■ **Task directions**:
Going through the material below, output exactly the lines from the one containing "Advers&aacute;rio extra? Palco" through the one containing "Authentic Louis Vuitton", and no pictures.

■ **Entries supplied**:
# # # #
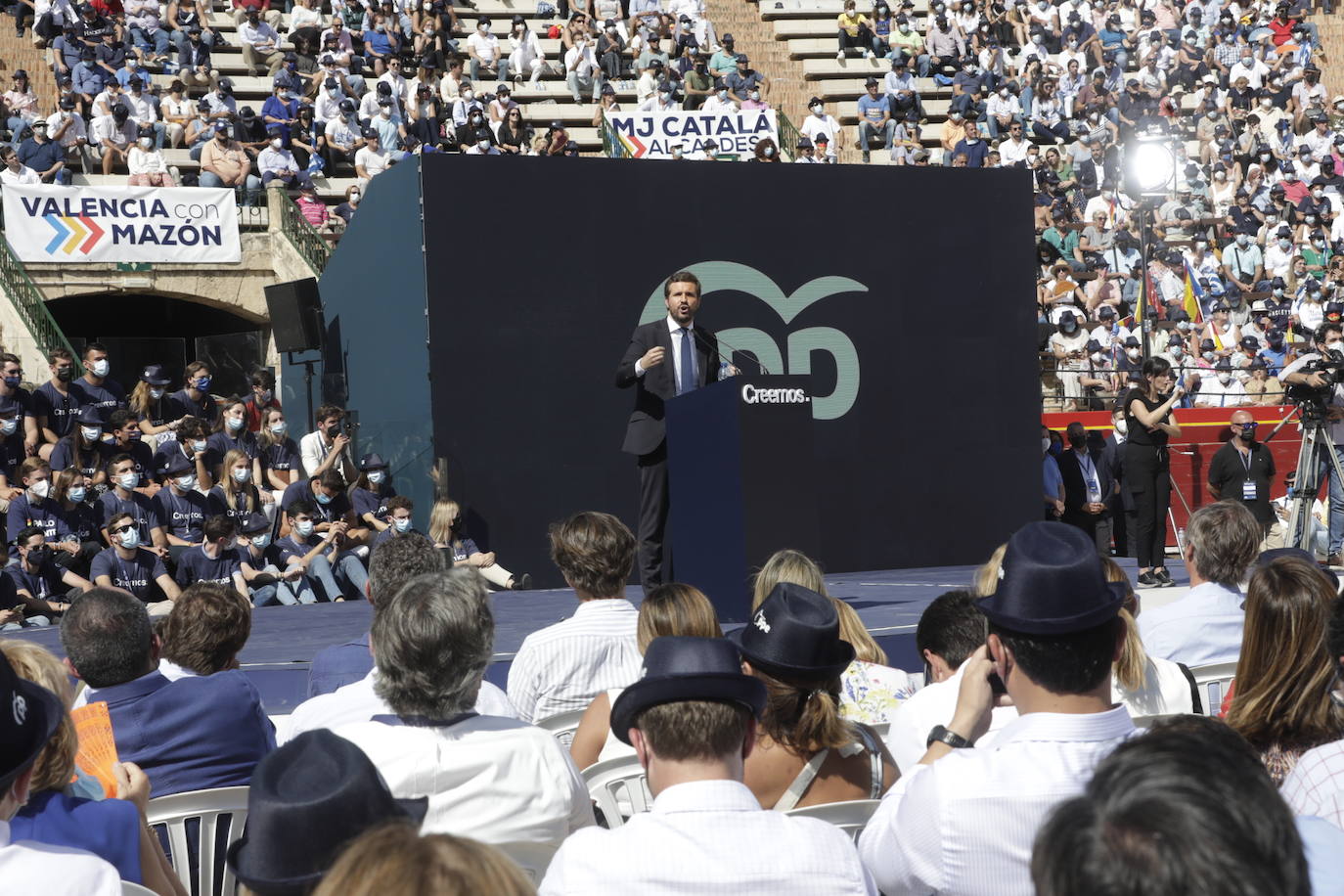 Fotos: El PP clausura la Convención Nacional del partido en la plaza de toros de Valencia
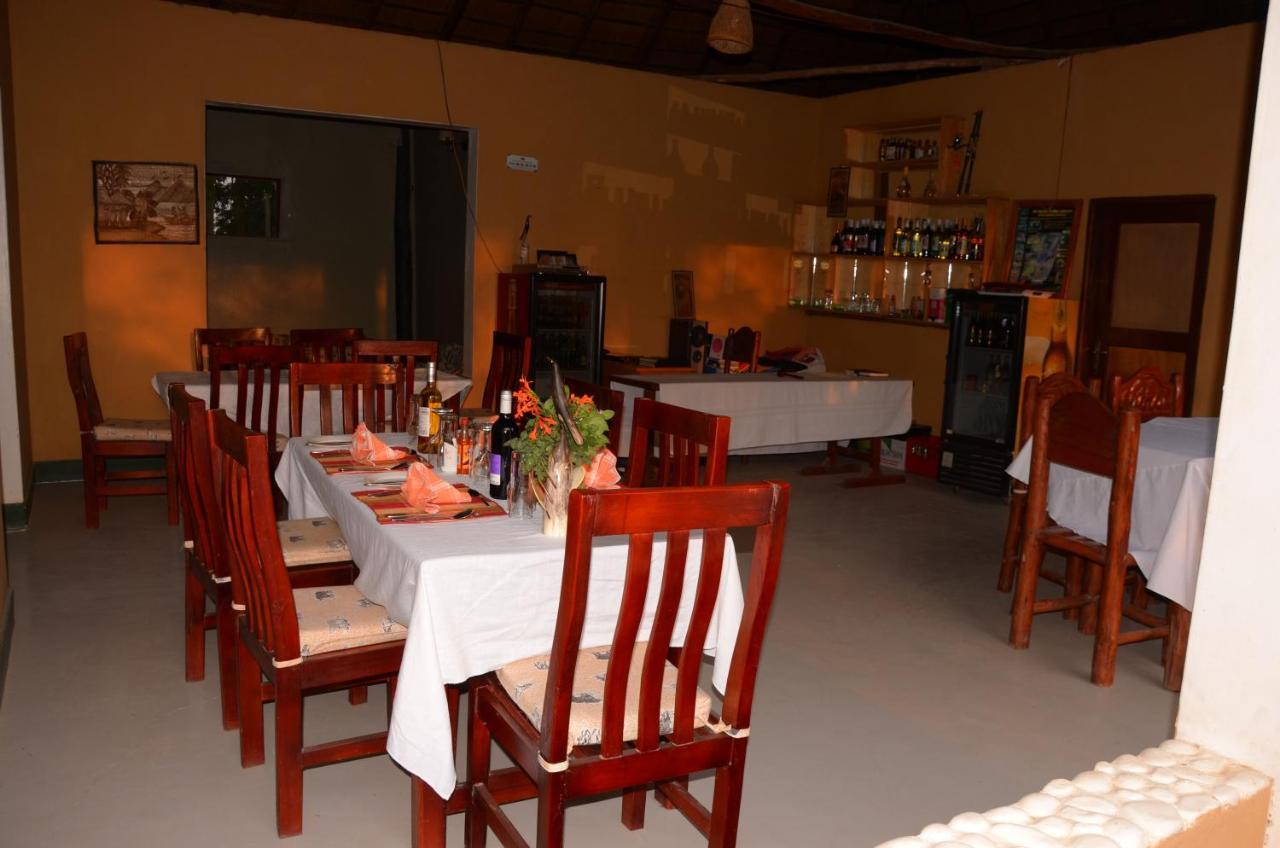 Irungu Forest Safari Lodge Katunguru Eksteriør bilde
# # # #
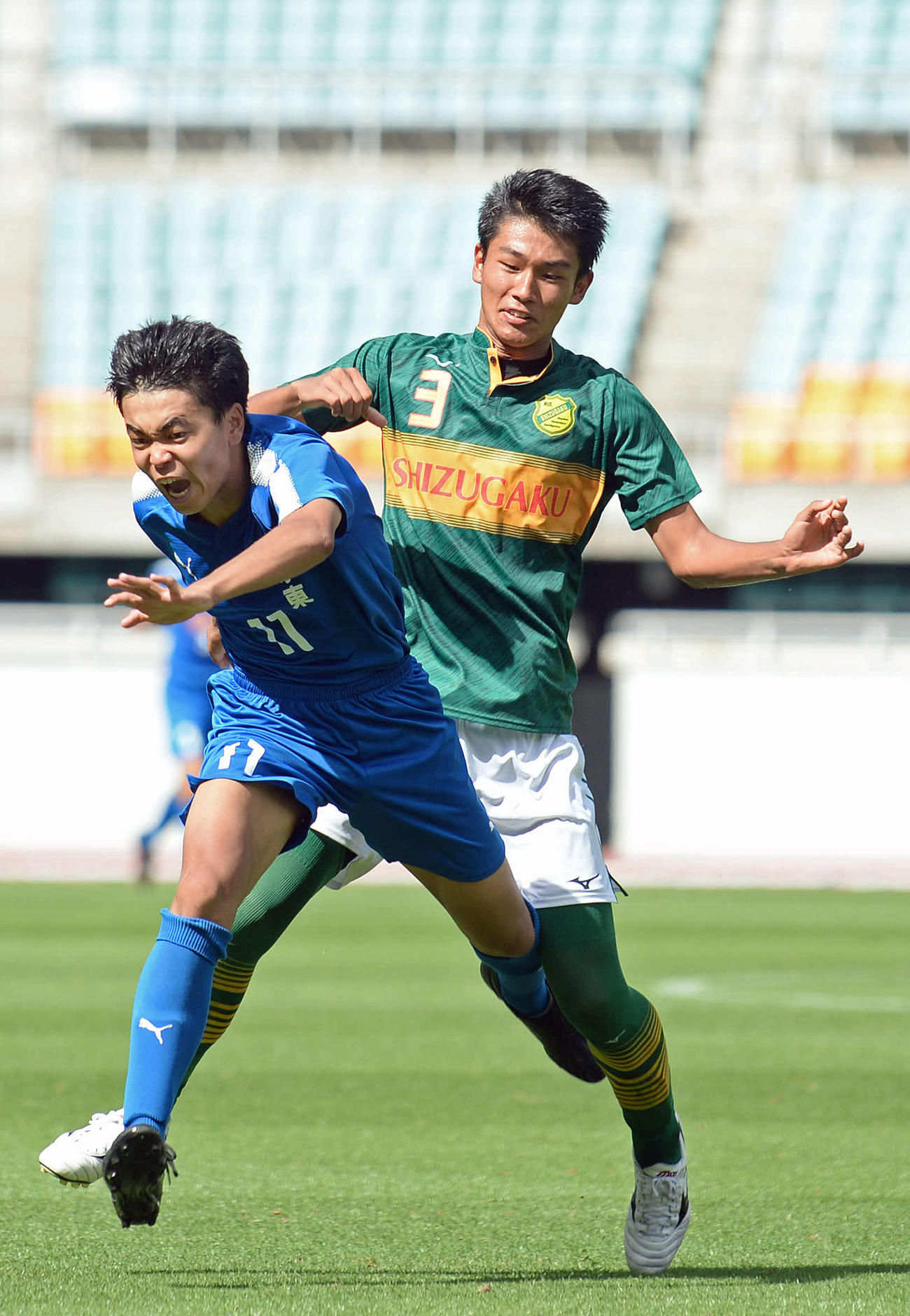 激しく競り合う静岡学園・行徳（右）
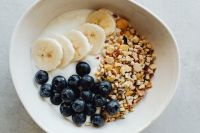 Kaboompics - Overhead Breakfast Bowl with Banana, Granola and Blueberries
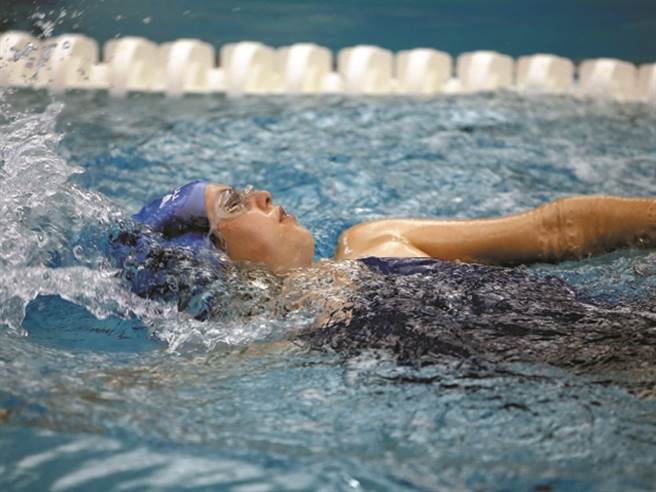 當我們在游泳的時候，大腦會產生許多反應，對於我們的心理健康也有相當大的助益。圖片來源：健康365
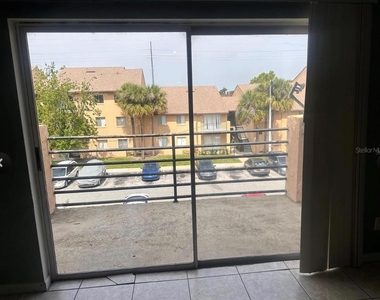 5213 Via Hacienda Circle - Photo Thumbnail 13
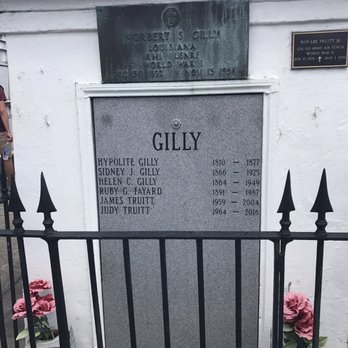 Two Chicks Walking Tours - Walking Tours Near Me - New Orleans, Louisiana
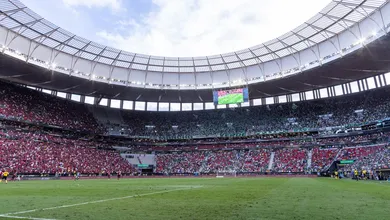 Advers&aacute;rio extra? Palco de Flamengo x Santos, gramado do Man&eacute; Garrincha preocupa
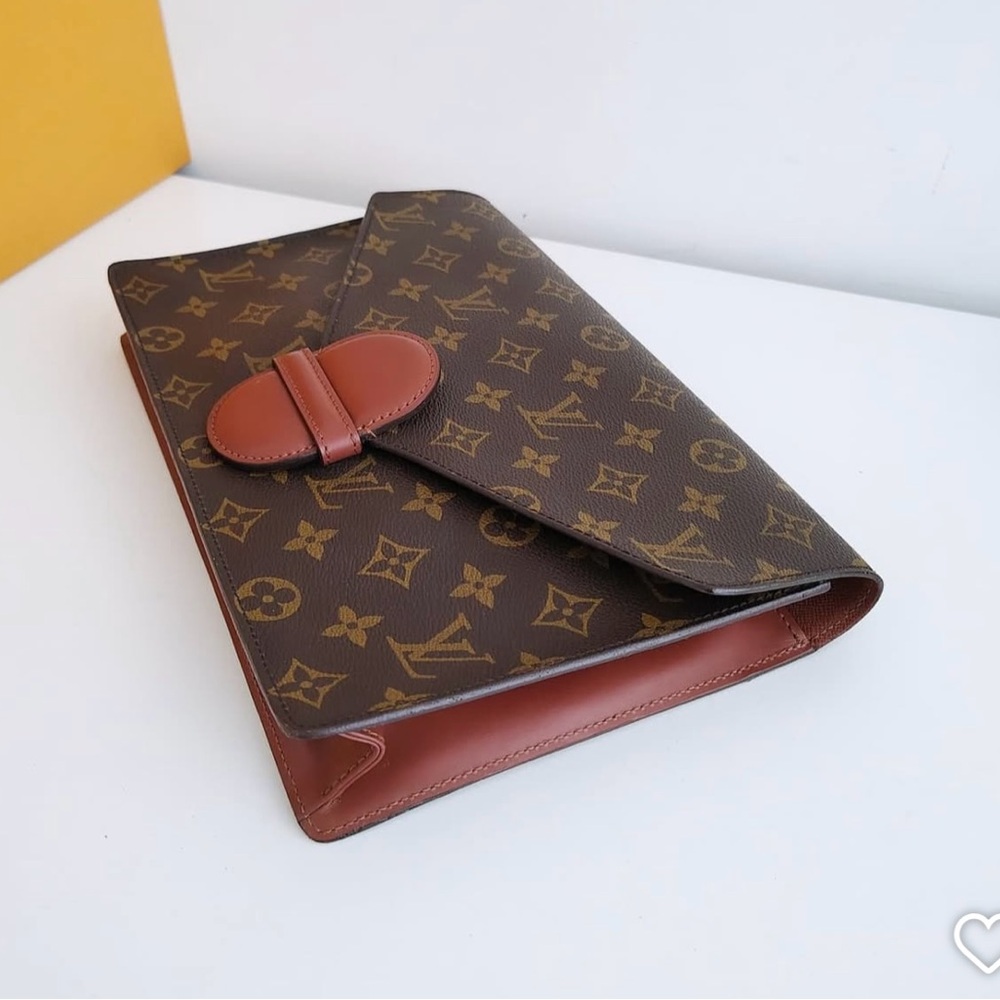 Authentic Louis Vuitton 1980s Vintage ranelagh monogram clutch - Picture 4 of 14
# # # #
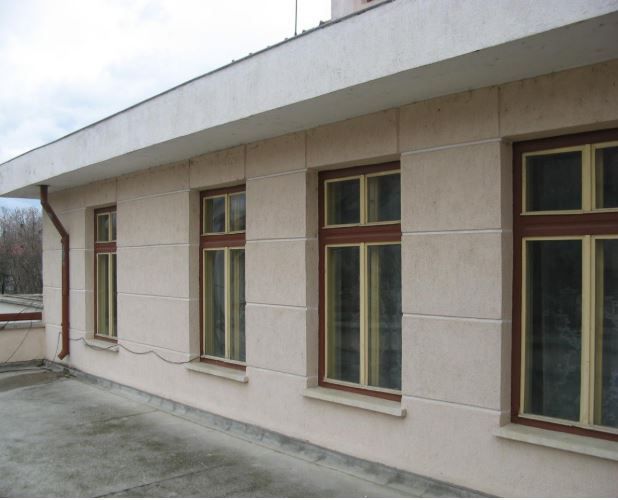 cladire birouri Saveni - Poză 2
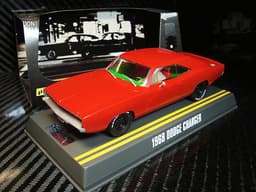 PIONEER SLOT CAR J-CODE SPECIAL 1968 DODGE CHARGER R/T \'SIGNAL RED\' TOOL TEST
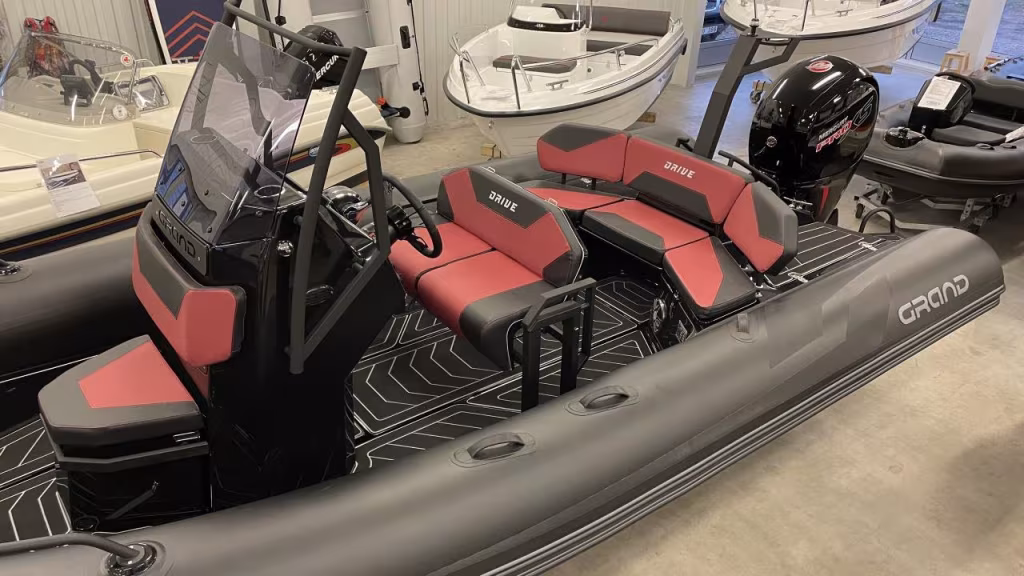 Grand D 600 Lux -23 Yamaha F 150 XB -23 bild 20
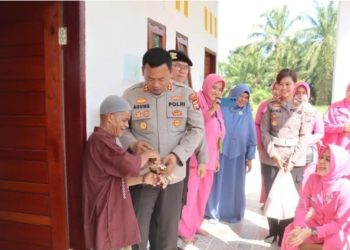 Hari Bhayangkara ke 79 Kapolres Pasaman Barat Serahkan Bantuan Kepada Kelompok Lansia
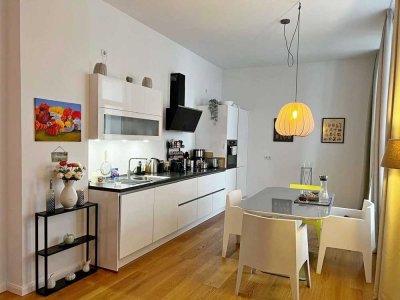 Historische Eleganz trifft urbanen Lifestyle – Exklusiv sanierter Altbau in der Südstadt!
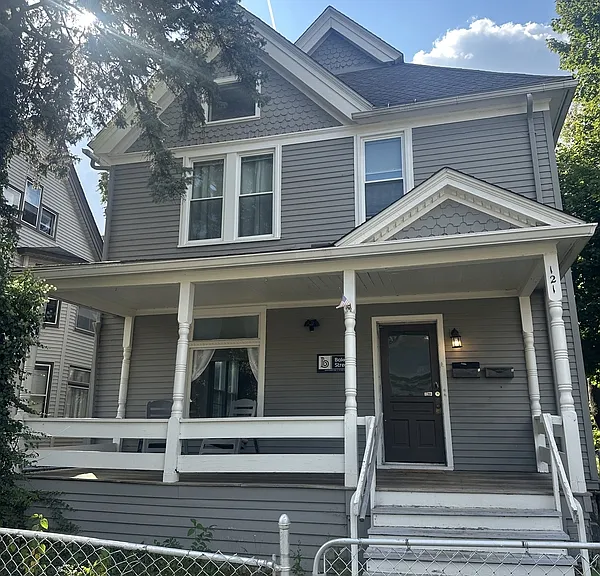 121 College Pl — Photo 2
# # # #
■ **Answer box**:
 Advers&aacute;rio extra? Palco de Flamengo x Santos, gramado do Man&eacute; Garrincha preocupa
 Authentic Louis Vuitton 1980s Vintage ranelagh monogram clutch - Picture 4 of 14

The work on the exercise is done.